In Berlin hat man kostenlose Klos in den vergangenen Jahren kontinuierlich abgebaut. Die Firma Wall betreibt City-Toiletten, weil sie im Gegenzug im öffentlichen Raum werben darf. Für die Stadt bleiben dabei 47 Millionen Euro im Jahr.

Wenn du nach Berlin fährst, vergiss die 50-Cent-Stücke nicht. Andernfalls könntest du gezwungen sein, mit quälend voller Blase unter einem Drehkreuz durchzukriechen. Genau, erniedrigend. Kaufhäuser verpachten ihre Sanitärräume, Lokale verriegeln oder „sichern“ sie mit Münzautomaten. In Berlin-Mitte herrschen Wucherpreise von bis zu zwei Euro pro Gang. Bezahltoiletten sind hygienischer – weil dann die Obdachlosen draußen bleiben? Manche wären vielleicht gepflegter, wenn alle Zugang hätten. Die ein oder andere Unterführung auch.

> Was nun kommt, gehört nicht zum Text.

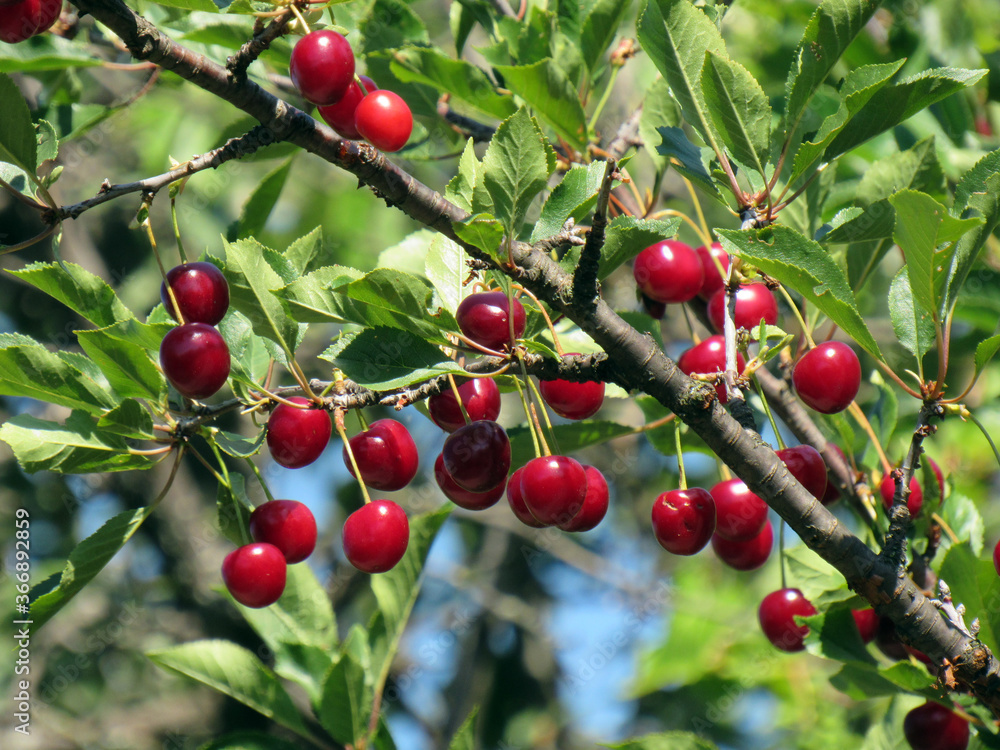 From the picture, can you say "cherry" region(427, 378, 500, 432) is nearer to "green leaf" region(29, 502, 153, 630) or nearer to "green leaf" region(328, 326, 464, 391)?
"green leaf" region(328, 326, 464, 391)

Wo ist die Schamwand, hinter der sich Frauen verstecken können?

Das neue Toilettenkonzept Berlins sieht vor, dass an einigen Häuschen außen ein kostenfreies Pissoir hinter einer „Schamwand“ installiert wird. Für die Männer, die ja sonst doch überall urinieren. In Winkeln ist gut pinkeln, wenn man nur den Reißverschluss öffnen muss. Frauen sind die Angepissten, immer. Wir hocken bei Minusgraden halb nackt im Gebüsch, während der Schwangerschaft drückt uns schon die nächste Generation auf die Blase. Und wo Männlein hoch angerechnet wird, sich überhaupt herzubequemen, sollen die Weiblein löhnen. Wo ist die Schamwand, hinter der wir uns verstecken können?

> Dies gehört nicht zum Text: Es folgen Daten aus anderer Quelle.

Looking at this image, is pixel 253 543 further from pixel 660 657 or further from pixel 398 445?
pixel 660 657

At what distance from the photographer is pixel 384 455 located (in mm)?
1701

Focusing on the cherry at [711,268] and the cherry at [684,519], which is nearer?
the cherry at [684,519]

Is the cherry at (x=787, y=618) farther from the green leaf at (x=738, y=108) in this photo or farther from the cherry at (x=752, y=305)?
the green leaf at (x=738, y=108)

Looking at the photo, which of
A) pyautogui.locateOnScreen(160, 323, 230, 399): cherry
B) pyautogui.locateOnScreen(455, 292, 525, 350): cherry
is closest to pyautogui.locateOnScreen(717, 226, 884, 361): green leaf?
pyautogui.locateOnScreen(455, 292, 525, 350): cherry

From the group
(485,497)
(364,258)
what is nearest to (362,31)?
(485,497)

Die alte Dame will den Wochenmarkt künftig übrigens lieber nicht mehr besuchen. Der Weg sei zu weit, sie zu langsam, als dass sie im Zweifel einhalten könne.

Eine anständige Toiletten-Infrastruktur ist Garant für soziale Teilhabe. Sie ist ein Wirtschaftsfaktor – und eine Frage der Gerechtigkeit. Das neue Toilettenkonzept ist notdürftig! Nehmt unsere Bedürfnisse ernst. Es pressiert.